In short, even though the Harapan government changed the culture of "direct negotiation" in the BN era, the government may eventually purchase products of questionable quality after a tendering process that took almost a year.

PTS Resources confirmed with Malaysiakini that it was awarded the contract for the Peninsular Malaysia package. However, it refused to comment on the request to change the brand, the reasons for such a request and if the government had approved it.

Similarly, PTS Resources cited a non-disclosure agreement with the government, and Malaysiakini

was asked to seek clarification directly from the government.

Malaysiakini has contacted RMCD director-general Abdul Latif Abdul Kadir and the deputy director of the Procurement Department, Mohd Faizal Mansor, to clarify on the above allegations.

Involved in corruption cases

Nuctech Co Ltd is a subsidiary of Tsinghua Holdings founded in 1997. It was headed by Hu Haifeng, the son of the former China president Hu Jintao, until 2008.

He resigned from Nuctech in 2008 and later joined Tsinghua Holdings and was also promoted as the Communist Party secretary.

According to some monographs, the company made great strides internationally and successfully entered the African market after Hu joined.

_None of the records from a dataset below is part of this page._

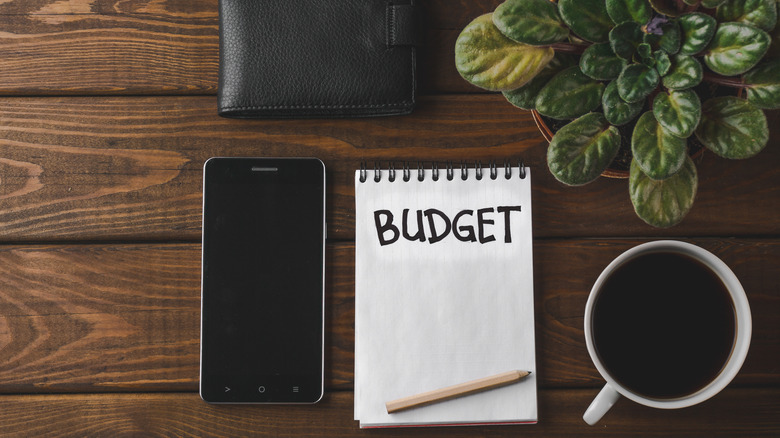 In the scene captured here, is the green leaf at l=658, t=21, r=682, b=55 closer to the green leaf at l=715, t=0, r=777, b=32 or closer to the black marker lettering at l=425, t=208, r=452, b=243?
the green leaf at l=715, t=0, r=777, b=32

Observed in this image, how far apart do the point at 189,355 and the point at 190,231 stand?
0.13 meters

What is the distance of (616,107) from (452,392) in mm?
316

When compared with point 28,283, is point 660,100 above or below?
above

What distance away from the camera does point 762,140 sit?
0.40 m

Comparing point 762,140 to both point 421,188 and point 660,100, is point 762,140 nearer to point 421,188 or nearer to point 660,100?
point 660,100

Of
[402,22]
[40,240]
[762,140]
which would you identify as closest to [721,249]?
[762,140]

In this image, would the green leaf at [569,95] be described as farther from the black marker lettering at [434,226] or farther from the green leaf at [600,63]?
the black marker lettering at [434,226]

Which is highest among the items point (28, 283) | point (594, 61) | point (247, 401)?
point (594, 61)

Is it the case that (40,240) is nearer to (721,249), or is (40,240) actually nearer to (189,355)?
(189,355)

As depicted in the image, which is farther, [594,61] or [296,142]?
[296,142]

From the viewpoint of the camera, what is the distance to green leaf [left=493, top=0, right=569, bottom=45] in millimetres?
400

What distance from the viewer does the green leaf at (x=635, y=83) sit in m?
0.40

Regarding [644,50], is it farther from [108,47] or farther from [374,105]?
[108,47]

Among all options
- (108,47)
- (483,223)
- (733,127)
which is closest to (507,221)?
(483,223) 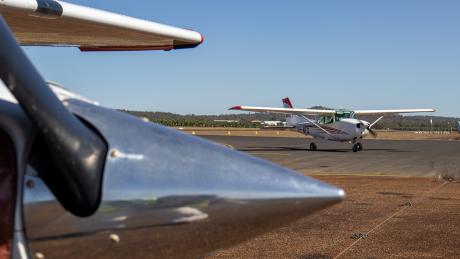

Their security equipment was sold to various countries such as Macedonia, Philippines, Ireland, and the UK.

However, Nuctech was also involved in corruption cases in many countries not too long after that. The Telegraph reported that Nuctech was involved in a multi-million procurement scandal in Namibia which was probed by the Namibian Anti-Corruption Commission. Hu assisted the investigation as a "witness" in 2009.

The Namibian reported that three individuals were prosecuted in this case - namely a Nuctech Africa representative Yang Fan, Namibia’s former Public Service Commission member Teckla Lameck, and a representative of Nuctech’s local partners Kongo Mokaxwa.

The prosecution alleged that the scanner price was inflated to enable Nuctech to pay a multi-million “commission” to a party linked to Lameck and Mokaxwa.

The accused first went on trial in 2013, but the case ended halfway as the judge had to step down from continuing to hear the matter, according to The Namibian.

The trio was reportedly acquitted in 2019 after the prosecution conceded that the state did not manage to present sufficient evidence.

Additionally, in Taiwan, it was reported that the former head of the Aviation Police Bureau’s aviation security section, Sun Yi-Ming, was convicted in February 2020 for receiving kickbacks and engaging in other illicit activities.

Nuctech X-ray scanners which were purchased by Taiwanese authorities and installed at airports were found to have been repackaged in Japan to deceive Taiwanese regulators. Sun was also found to be lured by a female sales manager from Nuctech, according to Taipei Times.

A separate fraud case involving Nuctech happened in the Philippines.

ABS-CBN reported that the Philippine government purchased 30 X-ray scanners from Nuctech through a loan agreement with the Chinese government.

However, the Philippine’s Commission on Audit subsequently found that the machines were exorbitantly overpriced by 4.215 billion Philippine pesos (about RM360 million).

It was reported that the quality of Nuctech’s scanners was questionable as they had zero detection for methamphetamine or other drugs for ten years, despite their maintenance cost being 1.5 times higher than other international service providers.

Looking back to Malaysia, the integrity of the tender process was also questionable. Calling for a thorough investigation, the source who spoke to Malaysiakini had also notified the MACC in early June 2020.

This news portal has contacted MACC for a response.

Tony Pua, the former political secretary to Lim, responded that all things were done in compliance with open tender and MOF procedures.

He also claimed that the awarding of contracts followed the recommendation of the evaluation committee, which consisted of the Treasury secretary-general and senior officials of the MOF and RMCD.